Carbon Capture and Storage (CCS) is a technology that can capture up to 90% of the carbon dioxide (CO2) emissions produced from the use of fossil fuels in electricity generation and industrial processes, preventing the carbon dioxide from entering the atmosphere. It is one of the carbon abatement technologies that can be used in a ‘carbon-negative’ mode – actually taking carbon dioxide out of the atmosphere.
So far, the materials and processes involved have been associated with significant adverse side effects and high costs. But now, new research from Chalmers University of Technology and Stockholm University in Sweden has demonstrated the possibility of a sustainable, low-cost alternative with excellent, selective carbon dioxide-capturing properties.
Scientists have devised a new material to capture carbon dioxide. Their new material is a bio-based hybrid foam- composed of a high amount of CO2-adsorbing ‘zeolites’ – microporous aluminosilicates. The porous, open structure of the material gives it a great ability to absorb carbon dioxide.

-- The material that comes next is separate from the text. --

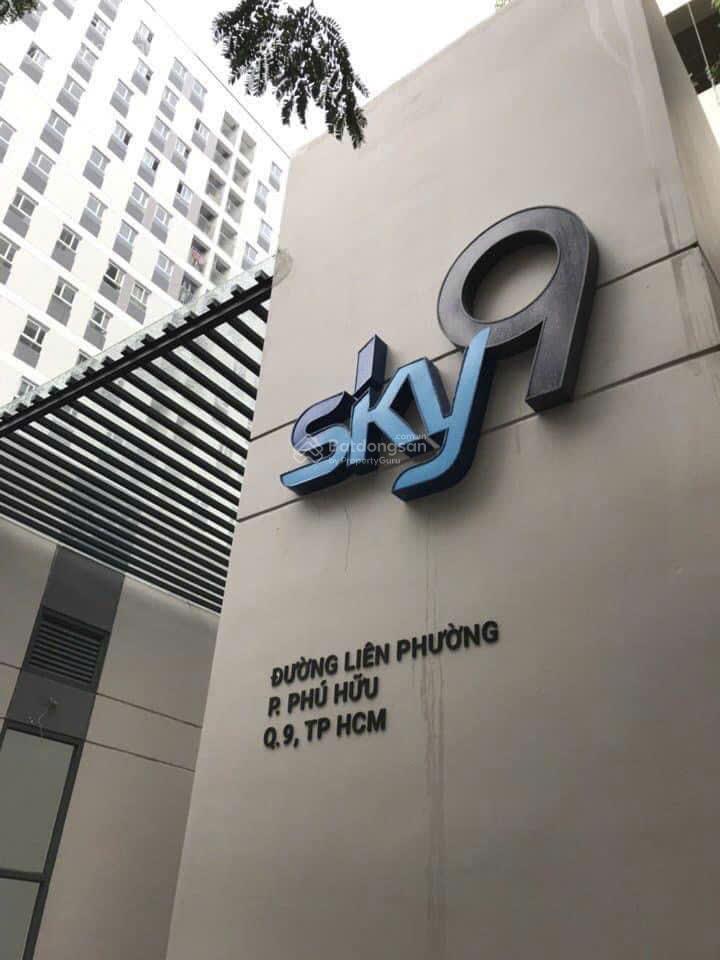Cần cho thuê căn hộ sky 9, đường liên phường, long trường, hcm. 2pn, 2wc có nội thất 7,5 tr/th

Zeolites can potentially capture carbon-dioxide. Scientists combined zeolites with gelatine and cellulose to make the material, durable, lightweight, stable material with high reusability.
Walter Rosas Arbelaez, a Ph.D. student at Chalmers’ Department of Chemistry and Chemical Engineering and one of the researchers behind the study, said, “Together, this makes a durable, lightweight, stable material with high reusability. Our research has shown that the cellulose does not interfere with the zeolites’ ability to absorb carbon dioxide. The cellulose and zeolites together, therefore, create an environmentally friendly, affordable material.”
Professor Anders Palmqvist, a research leader for the study at Chalmers, said, “This research fits well with the ongoing developments within CCS and CCU (Carbon Capture and Utilisation) technology, as a sustainable alternative with great potential. In addition to bio-based materials being more environmentally friendly, the material is a solid – once the carbon dioxide has been captured, it is, therefore, easier and more efficient to separate it than from the liquid amine solutions.”
Walter Rosas Arbelaez said, “What surprised us most was that it was possible to fill the foam with such a high proportion of zeolites. When we reached 90% by weight, we realized that we had achieved something exceptional. We see our results as a fascinating piece of the puzzle in the search for a solution to the complex challenge of being able to reduce the amount of carbon dioxide in the Earth’s atmosphere quickly enough to meet climate goals.”
The study is published in the journal ACS Applied Materials & Interfaces.